- Born: 26 April 1903 Budapest, Austria-Hungary
- Died: 24 February 1981 (aged 77) Roquebrune-Cap-Martin, France
- Occupation: Photographer
- Years active: 1930s–1960s

= Zoltán Glass =

Hungarian photographer

Zoltán Glass (26 April 1903 – 24 February 1981) was a Hungarian photographer. He was one of the renowned photographers of the 20th century.

==Early life==
Zoltán Glass, who was known to his friends as "Zolly", was born in Budapest, Austria-Hungary on 26 April 1903. Following in his elder brother's footsteps, he began his career as an artist and caricaturist. However, he struggled to make ends meet and took various other jobs to supplement his income, including docker, night watchman, photographic retoucher, and stage designer.

==Early career==

In 1925, Zoltán moved to Berlin, Germany, where, like his brother Stephen Glass, he established himself as a picture editor at an evening newspaper. He then became a photojournalist at the Berliner Tagblatt. A keen motorsports enthusiast and amateur racer, Zoltán covered Germany's biggest races at the Nürburgring and Avus circuits. In 1930 Zoltán established Reclaphot, a photographic agency that specialised in advertising work, and Autophot, a company dedicated exclusively to automobile photography. His most famous photographs are of the Mercedes-Benz Silver Arrows team, which dominated Grand Prix racing during the mid-1930s.

==Life in London==
With the rise of Hitler, business became increasingly difficult in Germany. Zoltán, as his brother did, fled to London, taking his negatives. He was given work by another Jewish refugee, Arthur Spingarn, the owner of Sackville Advertising. However, as an enemy alien at the outbreak of World War II, he was not permitted to pursue his profession as a photographer and faced the threat of internment.
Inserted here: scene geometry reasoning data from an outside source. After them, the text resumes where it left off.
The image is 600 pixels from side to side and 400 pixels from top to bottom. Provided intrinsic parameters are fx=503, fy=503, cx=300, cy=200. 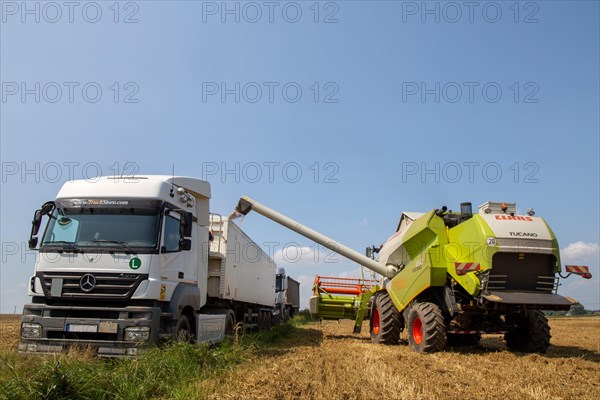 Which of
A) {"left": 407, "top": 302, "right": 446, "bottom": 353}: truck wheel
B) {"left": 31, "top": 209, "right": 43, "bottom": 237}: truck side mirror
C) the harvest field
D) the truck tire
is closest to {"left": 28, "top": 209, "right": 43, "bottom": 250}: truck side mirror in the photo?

After the war, Zoltán earned a living taking publicity stills for clients in the film and theatre worlds. In 1948, after twelve years as an émigré, he became a naturalised British subject.
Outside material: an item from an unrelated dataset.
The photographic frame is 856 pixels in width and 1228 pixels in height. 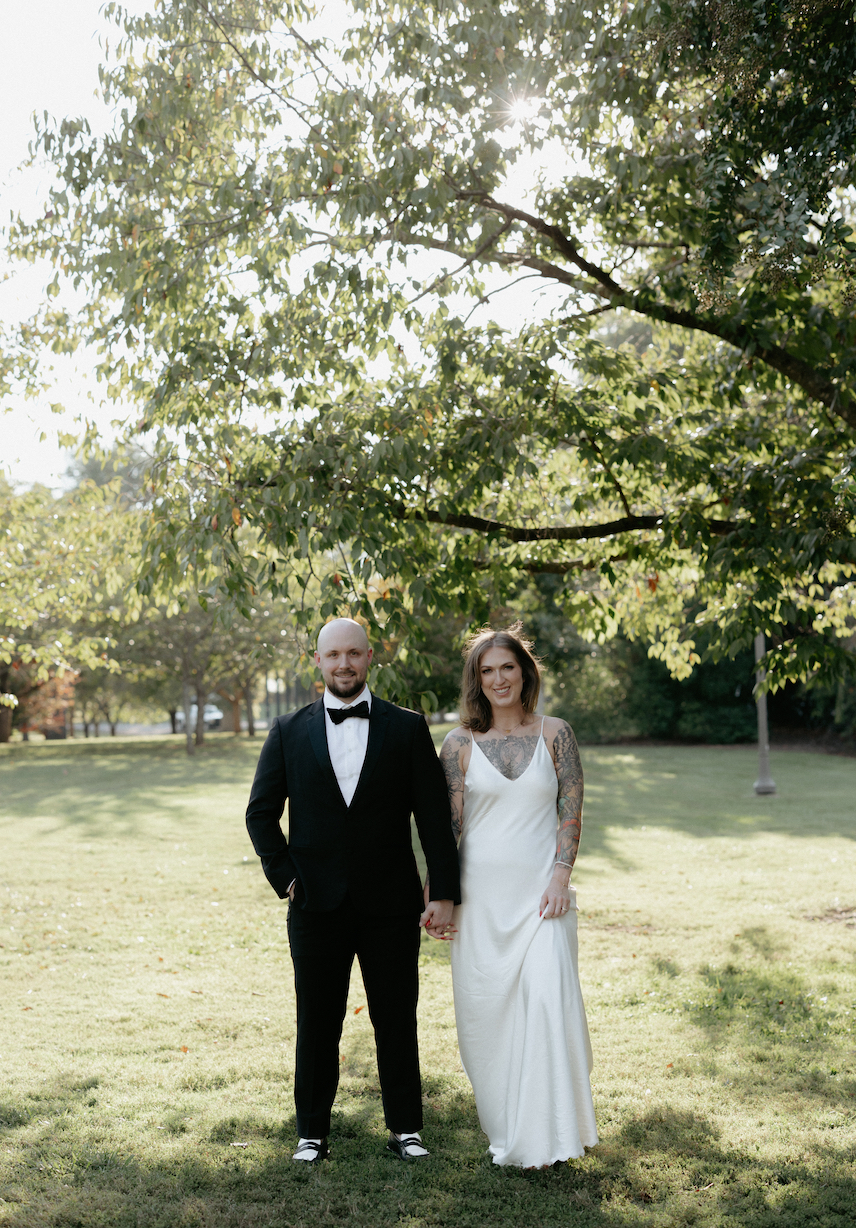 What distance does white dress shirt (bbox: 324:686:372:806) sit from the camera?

By the mid-1950s, he was a successful fashion and advertising photographer in the capital, with a studio at 183 Kings Road, Chelsea, and another at 41 Paradise Walk, SW3.

One of Zoltán's clients was Odhams Press, which published Lilliput, a celebrated pocket-sized gentleman's magazine that featured an assortment of titillating articles and risqué humour, together with photographic essays by well-known talents, including Bill Brandt and Brassai. He photographed the British Glamour model Pamela Green for Lilliput in 1952. He also worked as a stills photographer for film director Zoltan Korda, brother of Alexander Korda.
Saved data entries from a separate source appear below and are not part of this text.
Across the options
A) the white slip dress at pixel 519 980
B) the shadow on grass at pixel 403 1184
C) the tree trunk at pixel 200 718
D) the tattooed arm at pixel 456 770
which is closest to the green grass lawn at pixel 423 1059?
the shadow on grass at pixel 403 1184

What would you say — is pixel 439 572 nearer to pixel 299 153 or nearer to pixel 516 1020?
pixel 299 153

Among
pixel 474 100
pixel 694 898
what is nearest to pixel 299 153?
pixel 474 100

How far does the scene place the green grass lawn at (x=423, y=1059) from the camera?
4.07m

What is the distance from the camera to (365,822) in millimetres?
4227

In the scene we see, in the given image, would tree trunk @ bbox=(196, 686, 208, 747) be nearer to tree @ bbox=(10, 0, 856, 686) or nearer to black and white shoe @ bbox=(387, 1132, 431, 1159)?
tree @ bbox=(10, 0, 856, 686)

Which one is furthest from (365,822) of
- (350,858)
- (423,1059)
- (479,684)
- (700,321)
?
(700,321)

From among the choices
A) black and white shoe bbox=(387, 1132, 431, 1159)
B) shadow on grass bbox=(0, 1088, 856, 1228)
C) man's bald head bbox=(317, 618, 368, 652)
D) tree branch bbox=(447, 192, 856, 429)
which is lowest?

In 1955 a collection of Zoltán's nude photographs was published in the monograph Neue Wege Der Aktfotografie von Zoltán Glass by the German publisher Karl Hofmann.

==Retirement==
By 1964, Zoltán Glass had made enough money to sell his Chelsea studios to a consortium of British photographers. He then moved to a villa in Roquebrune on the French Riviera with his common-law wife Pat (Patricia Shirley Thompson), a former cabaret dancer. He offered his collection of pin-up photography to glamour photographer Harrison Marks who turned it down. Zoltán died in France on 24 February 1981, at the age of 77, leaving neither offspring nor a will. His photographs were eventually given to the National Science and Media Museum in Bradford, Yorkshire.